───── RECORDS TO PROCESS ─────

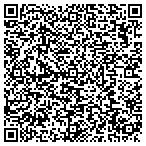 QR code with Professional Show Managers Association contacts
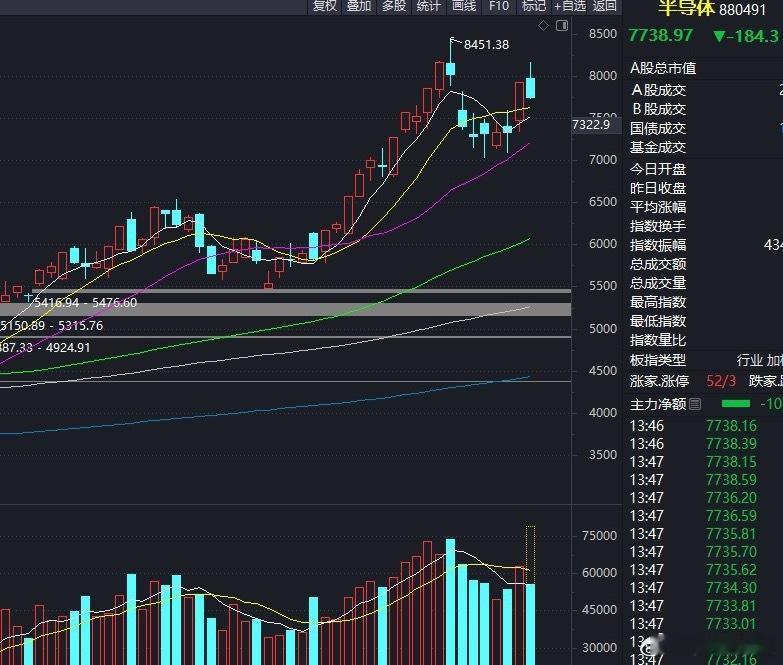 半导体板块昨天暴涨超8%，许多个股涨超10%，今天回撤整理整理很正常，不要一涨就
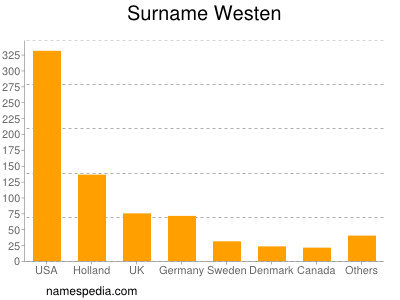 Familiennamen Westen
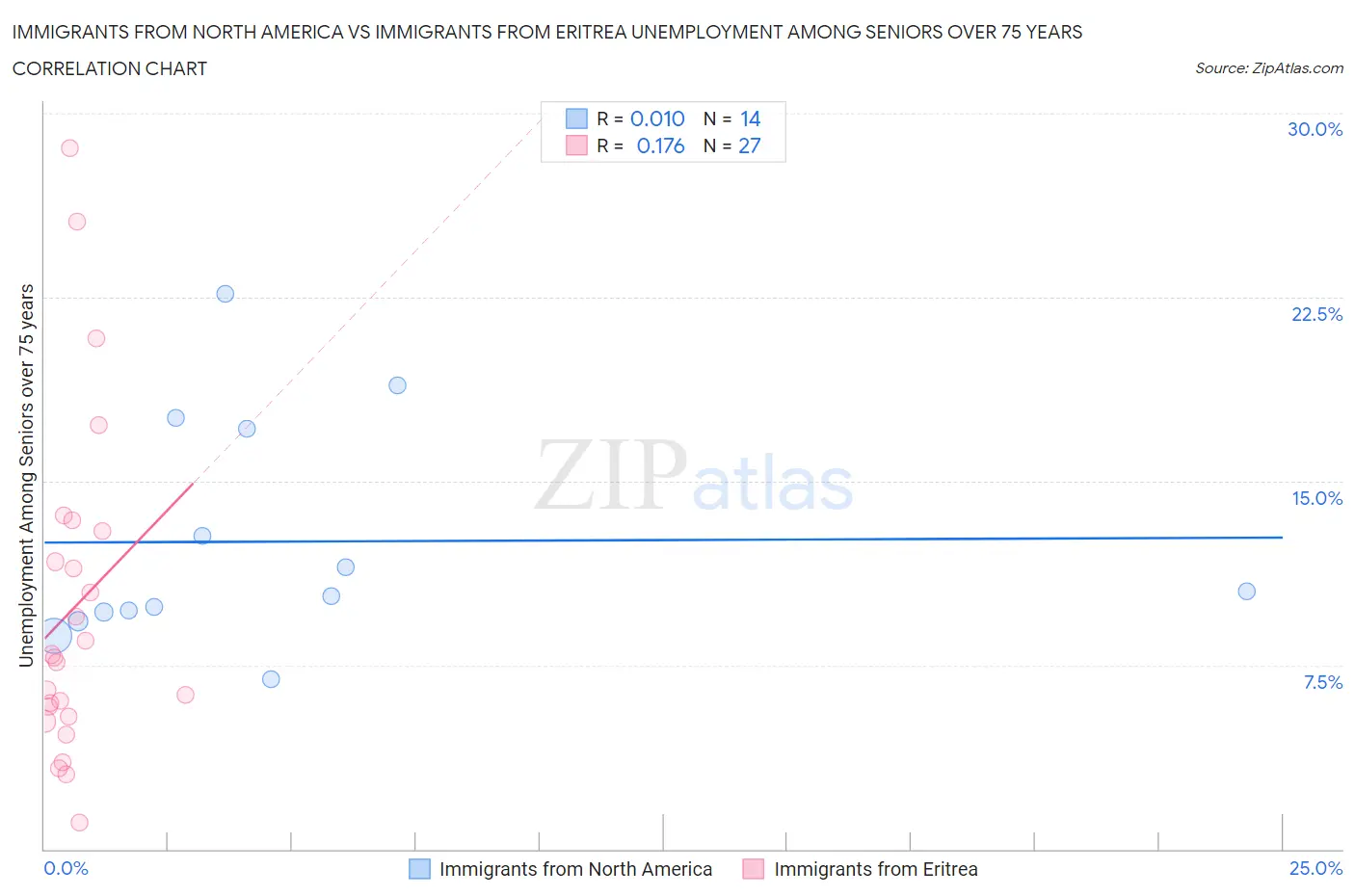 Immigrants from North America vs Immigrants from Eritrea Unemployment Among Seniors over 75 years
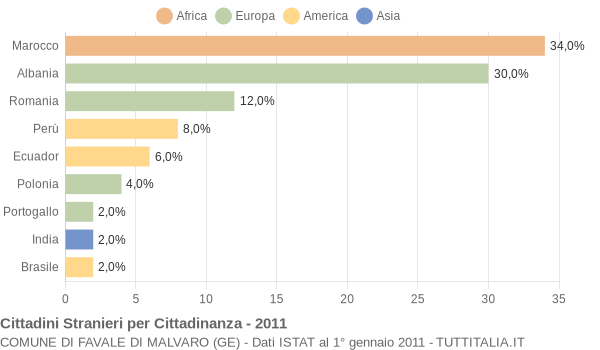 Grafico cittadinanza stranieri - Favale di Malvaro 2011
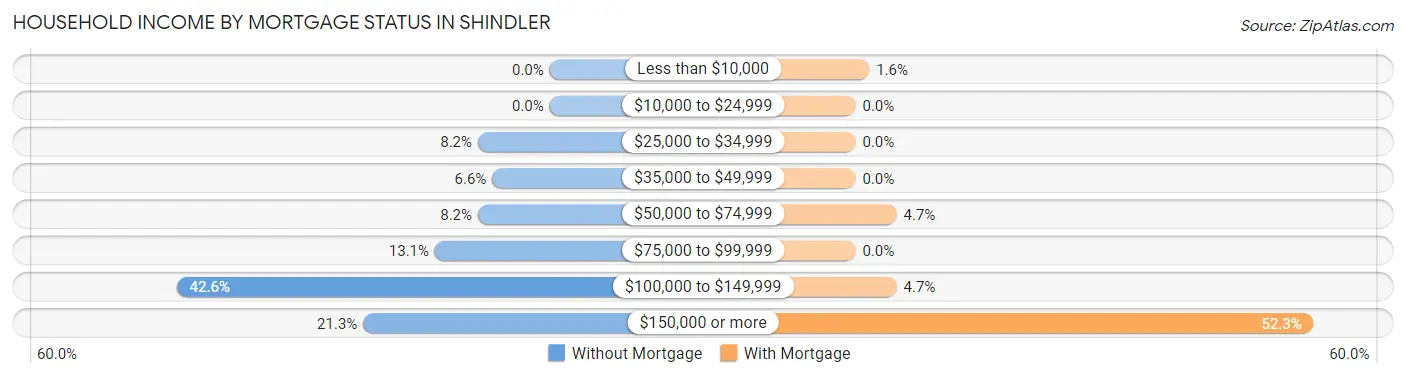 Household Income by Mortgage Status in Shindler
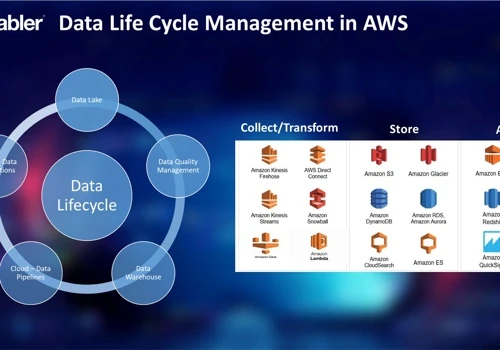 Data Analytics and Engineering on the Cloud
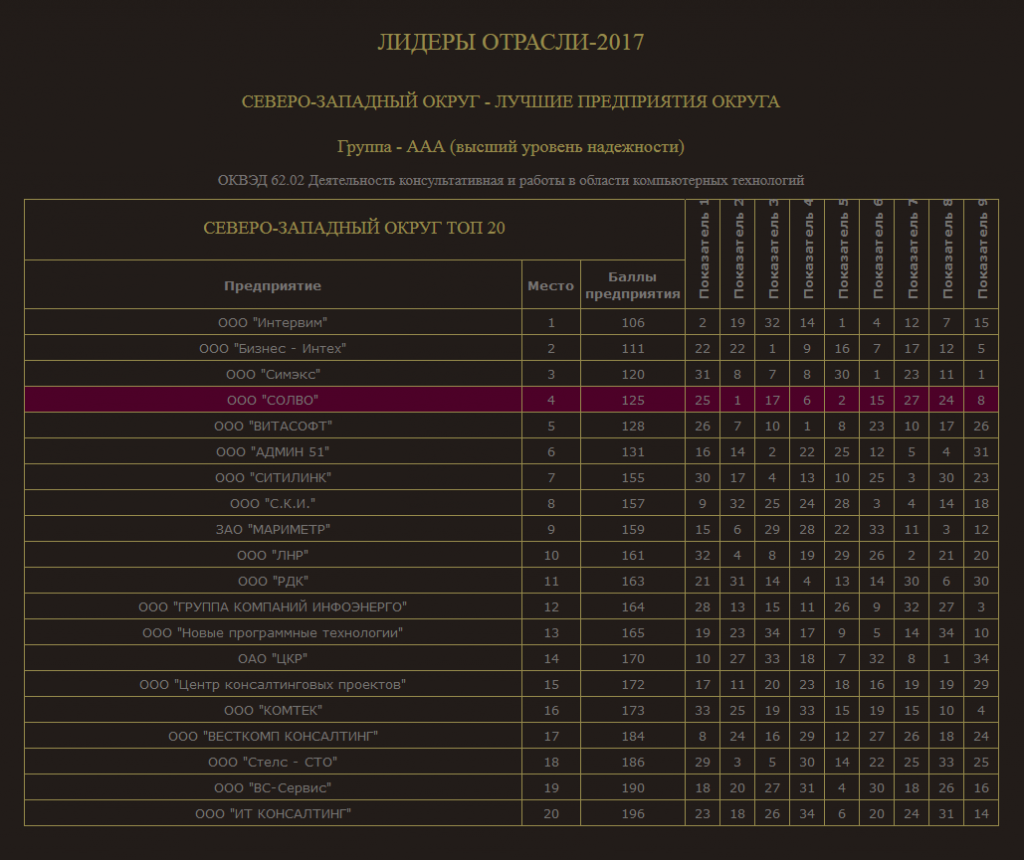 Рейтинг "ЛИДЕР ОТРАСЛИ 2017"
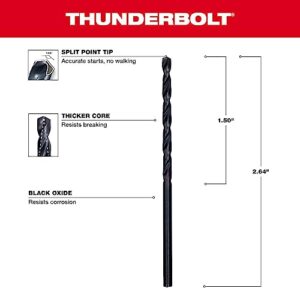 Drill Bit, 7/64 in., Black Oxide, Pk2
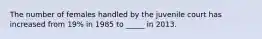 The number of females handled by the juvenile court has increased from 19% in 1985 to _____ in 2013.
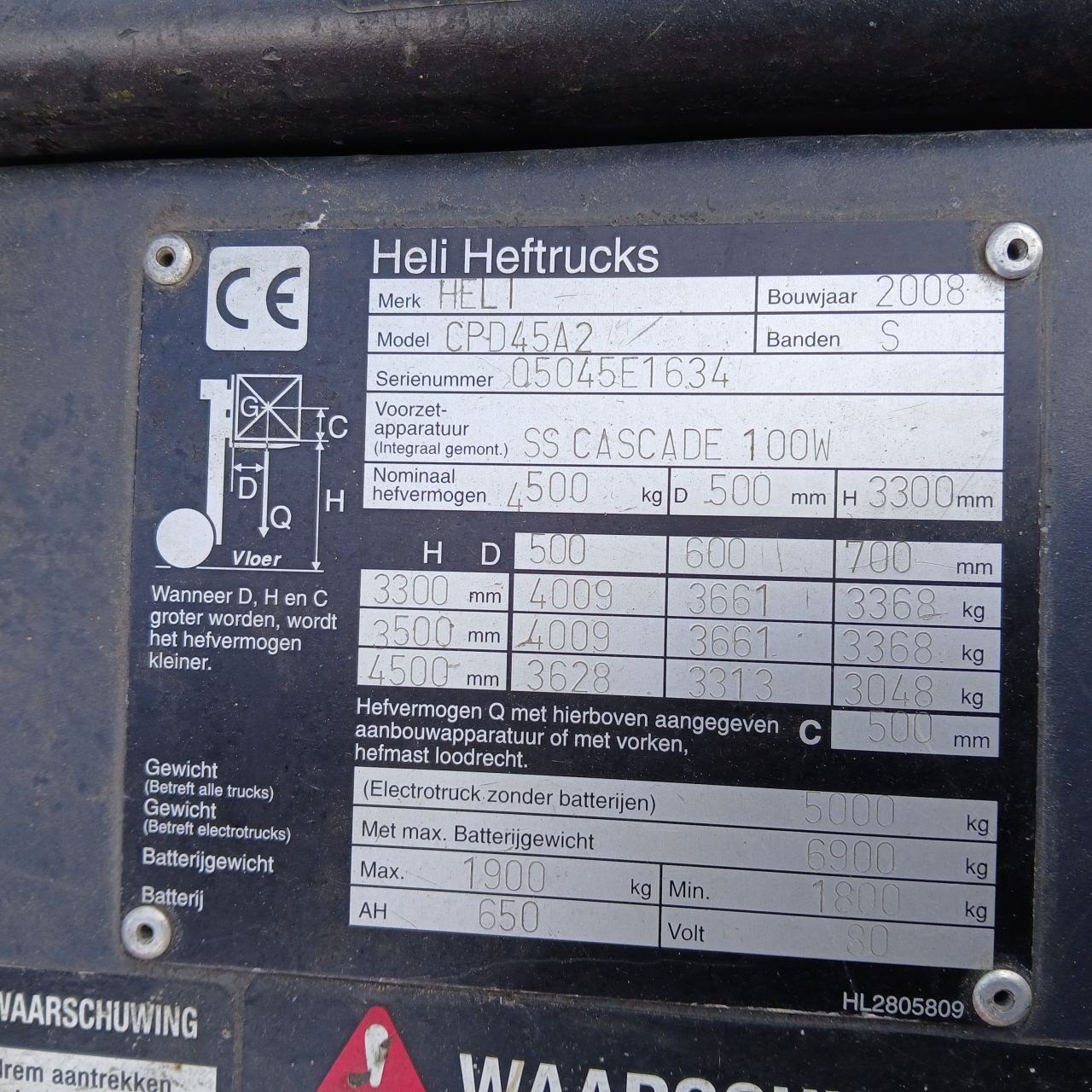 Frontstapler του τύπου Heli CPD45A2., Gebrauchtmaschine σε Alblasserdam (Φωτογραφία 4)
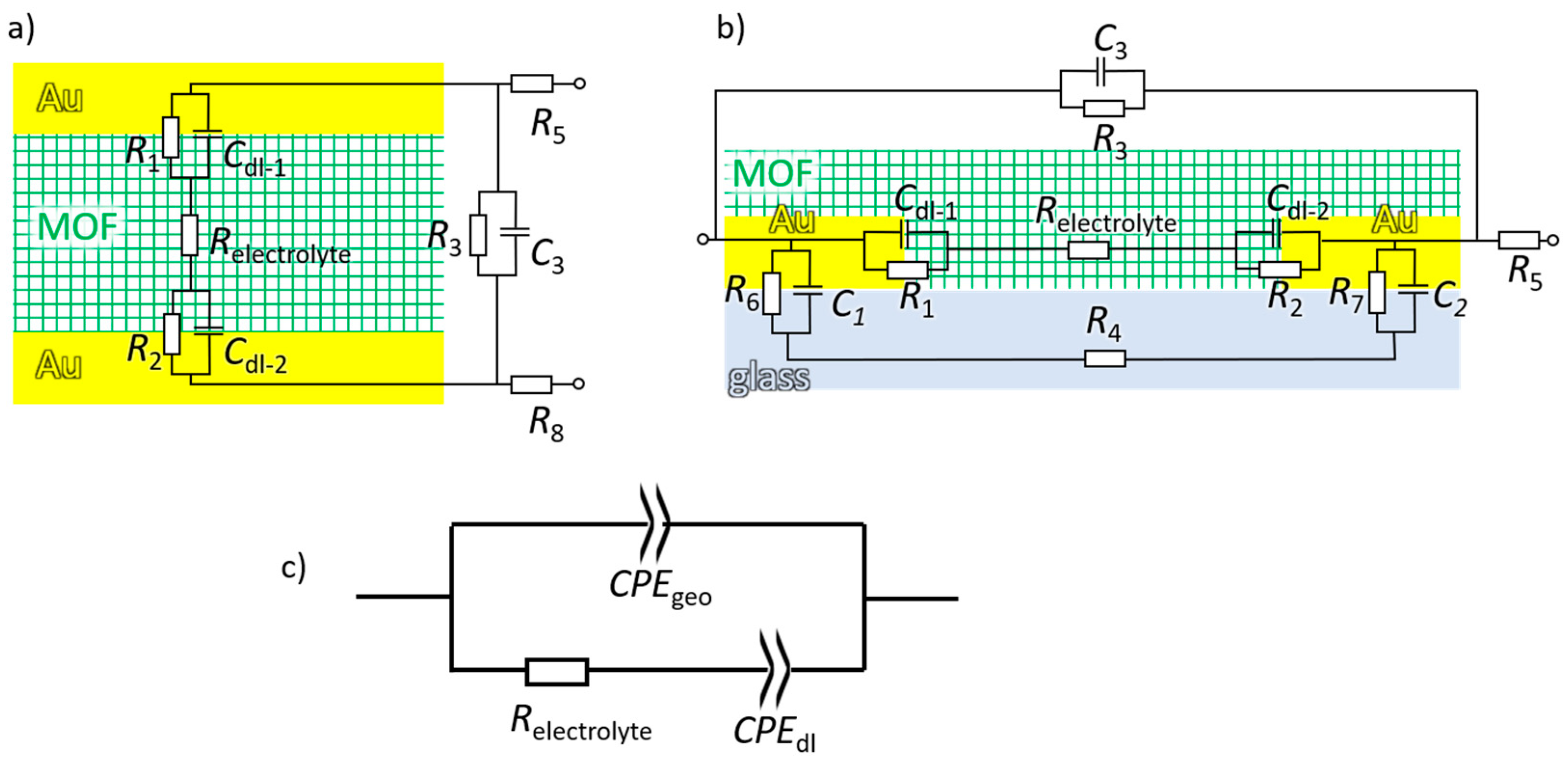 Materials 14 04352 g001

─────

● WHAT IS NEEDED
Your answer must contain the full data, repeated exactly, without pictures.

● TASK OUTPUT
 QR code with Professional Show Managers Association contacts
 半导体板块昨天暴涨超8%，许多个股涨超10%，今天回撤整理整理很正常，不要一涨就
 Familiennamen Westen
 Immigrants from North America vs Immigrants from Eritrea Unemployment Among Seniors over 75 years
 Grafico cittadinanza stranieri - Favale di Malvaro 2011
 Household Income by Mortgage Status in Shindler
 Data Analytics and Engineering on the Cloud
 Рейтинг "ЛИДЕР ОТРАСЛИ 2017"
 Drill Bit, 7/64 in., Black Oxide, Pk2
 The number of females handled by the juvenile court has increased from 19% in 1985 to _____ in 2013.
 Frontstapler του τύπου Heli CPD45A2., Gebrauchtmaschine σε Alblasserdam (Φωτογραφία 4)
 Materials 14 04352 g001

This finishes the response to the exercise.